Even as some large firms have boldly embraced market standards, seeking to establish themselves as trailblazers in the region, they too find themselves hesitating at the critical moment of disclosure.

With the future of ESG reporting requirements shrouded in mystery, these companies are left to navigate a delicate balancing act: weighing the potential benefits of transparency against the risks of revealing too much in an ever-shifting regulatory landscape.

Apple clearly illustrates this point. In 2023, the tech firm claimed that the new Apple Watch series had achieved carbon neutrality. The company backed this claim with benchmark emissions data for the cradle-to-grave cycle.

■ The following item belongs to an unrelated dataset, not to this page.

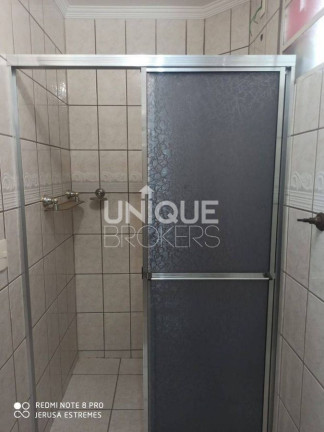 Imagem Apartamento com 3 Quartos à Venda, 123 m² em Ponte De São João - Jundiaí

However, environmental organizations publicly questioned the claim, suggesting a risk of "greenwashing." One of the main reasons for scepticism was Apple's decision to stop pushing its suppliers to publicly disclose factory-level greenhouse gas data, making it impossible to verify the product's true carbon neutrality in the production phase.

The data

Despite such issues around disclosure, Asian banks have identified opportunities to capitalize on the growing demand for sustainable investments in the region.

Companies have compelling incentives to disclose ESG metrics, as ESG-labelled debt attracts a wider pool of global investors and typically commands a premium price.

Many banks adhere to local-market ESG indexes, such as those provided by Morningstar or MSCI, to play it safe.

Other banks have taken a more proactive approach to differentiate themselves and defer green hushing. They identify high-potential companies not yet included in ESG indexes and work closely with them to address the factors preventing their inclusion.

By providing guidance on ESG data collection, reporting and disclosure, banks can empower these firms to enhance their ESG performance and attract sustainable financing.

"Banks should not be overly concerned about deliberate data falsification when requesting data from target companies," says one Indonesia-based banker. "Instead, they should provide clear guidance on key data points and calculation standards to ensure the authenticity and accuracy of the submitted data.

"If necessary, banks can also collaborate with local intermediary institutions to verify the data."